El racionalismo imperante en nuestras sociedades, que a través de sus medios publicitarios y políticos de divulgación juega con la credulidad de los ciudadanos, insiste en que es posible alcanzar un estado de bienestar a través de la pretendida existencia de un objeto adecuado para cada necesidad, objeto que puede obtenerse rápidamente, imponiendo de esta forma un modo de pensar en la cultura basado en la «confianza» de que hay relación entre razón y pensamiento, esto es, que en el pensar de la razón se muestran lo verdadero y la verdad.
Paralelamente, este racionalismo postmoderno induce sutilmente una despolitización de las sociedades actuales, que se refleja en el escaso interés, en general, por los discursos del pensamiento moderno que han producido una ruptura epistemológica con las ilusiones de un saber inmediato, así como en la anecdótica participación de los sujetos en movimientos sociales comunitarios, a menudo sin contemplar ni investigar dichos discursos que posibiliten dar consistencia a esos legítimos y necesarios movimientos. La ciencia y la técnica —en las que se pretende introducir las «ciencias del alma», esto es, la psicología, la psiquiatría, etc.—van dejando grietas ante las cuales ese dios con prótesis, como llamó Freud al hombre contemporáneo, no siempre puede responder de la mejor manera.
En la vida, la única función que nos ha sido dada de antemano es la de ser hijo, puesto que las demás funciones sociales —como son la de ser estudiante, trabajador, amigo, pareja, padre, madre, etc.— requieren apoderarse de ellas y construirlas, y en la medida que éstas se constituyen la función de ser hijo (y dejar de serlo) cobra sentido. El peso de la existencia, por consiguiente, se sostiene sólo al precio de un trabajo, un esfuerzo que no todos los sujetos están en disposición de recorrer y ante el que muchos se derrumban. El individuo contemporáneo, en cambio, es sumergido en una búsqueda de «placer» y «rendimiento» con el mínimo esfuerzo, empujado a la producción de riqueza o plusvalía sin trabajo —piénsese en el ciudadano que deviene un pequeño especulador inmobiliario al considerar que su última adquisición se revaloriza por el sólo hecho de que un nuevo transporte público pasa frente a ella—, esperando así un beneficio sin producción y sin trabajo previo que lo conduce inexorablemente a un atolladero.
A su vez parece imperar en la sociedad contemporánea la obligación de tener una existencia libre de aburrimiento.

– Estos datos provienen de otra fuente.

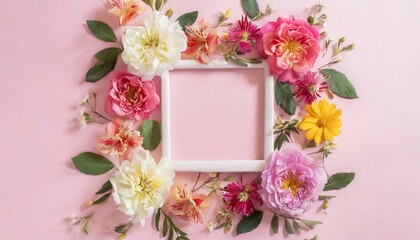 Obraz premium Square flower frame made of rose, aster and alstroemeria on a pink background. Greeting card template with copyspace. Festive concept. 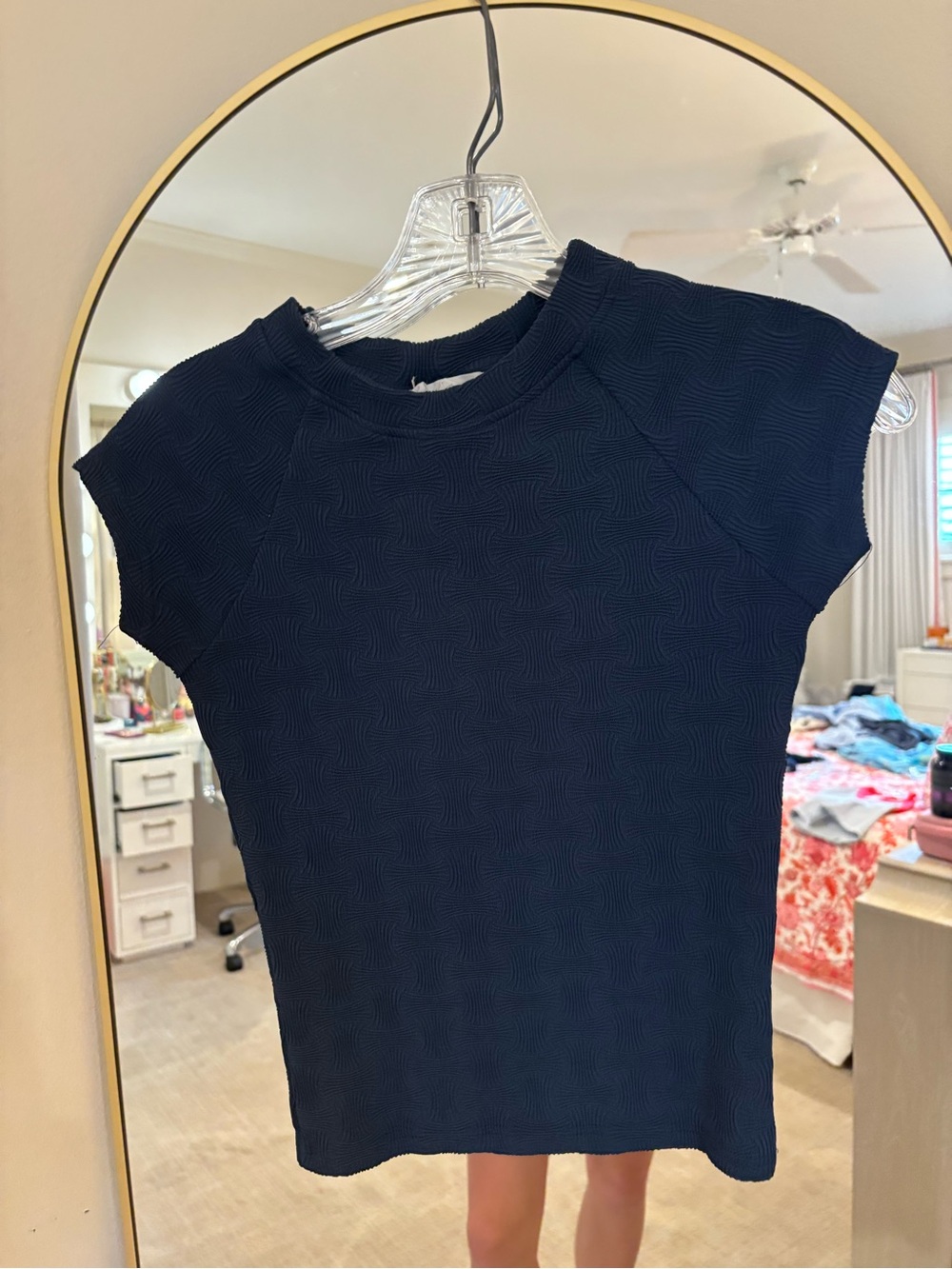 Anthropologie Navy Textured Cap-Sleeve Mini Dress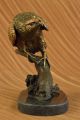 Bronze Adler Falken Figur Garten Osprey Statue Marmorsockel Dekor Antike Bild 4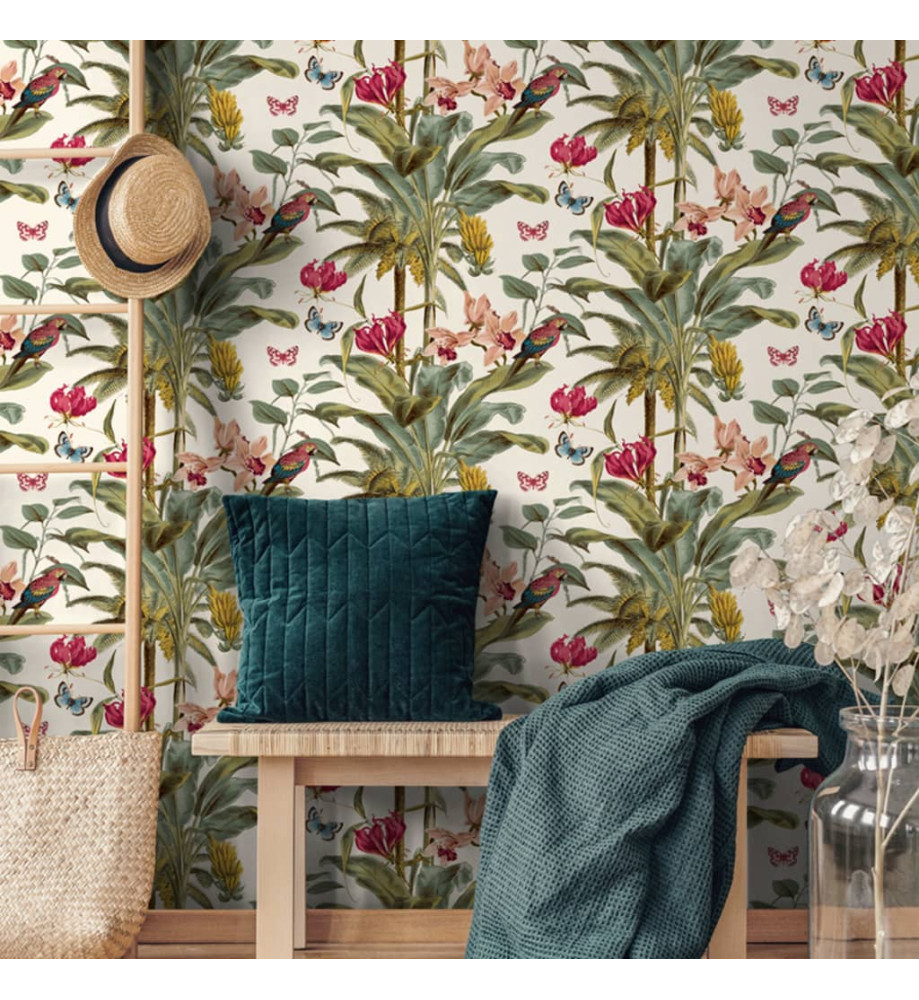 DUTCH WALLCOVERINGS Papier peint Palmier tropical Vert et rose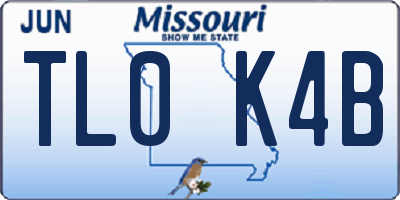 MO license plate TL0K4B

Russell nos recuerda que «una vida demasiada llena de excitación es una vida agotadora, en la que se necesitan continuamente estímulos cada vez más fuertes para obtener la excitación que se ha llegado a considerar como parte esencial del placer»[1]. Existe, en cambio, una monotonía fructífera que posibilita la construcción de un proyecto de vida que no será posible en una vida llena de distracciones y disipaciones.
En la introducción de Psicología de las masas y análisis del yo[2], Freud afirma que no es posible estudiar los caminos que un hombre aislado recorre para alcanzar la satisfacción de sus deseos o intereses sin considerar las relaciones y vínculos que tiene con sus semejantes, con la comunidad y su cultura. El «individuo-cliente» contemporáneo, con gran dificultad para construir una identidad o sostenerla, dificultad que parece incrementarse día a día, temeroso habitando un mar de incertidumbres económicas y sociales, busca a través de la posesión de bienes y objetos, que no siempre poseen utilidad práctica, compensar o taponar de algún modo el vacío y el miedo a no-ser: el consumo, dice Pichón-Rivière, se vuelve una forma de socialización[3]. A su vez las políticas gubernamentales de inyección de rumor y pánico, alternadas por momentos de euforia bursátil y risk premium («prima de riesgo»), acentúan el carácter ciclotímico y pusilánime de una sociedad que promete atrapar un botín en cualquier momento.
[1] Bertrand Russell, La conquista de la felicidad, Debolsillo, Barcelona, 2011, p. 61.
[2] Sigmund Freud, Psicología de las masas y análisis del yo, O.C.
[3] Enrique Pichon-Rivière; Ana P. de Quiroga, Psicología de la vida cotidiana, Nueva Visión, Buenos Aires, 1985, p. 56.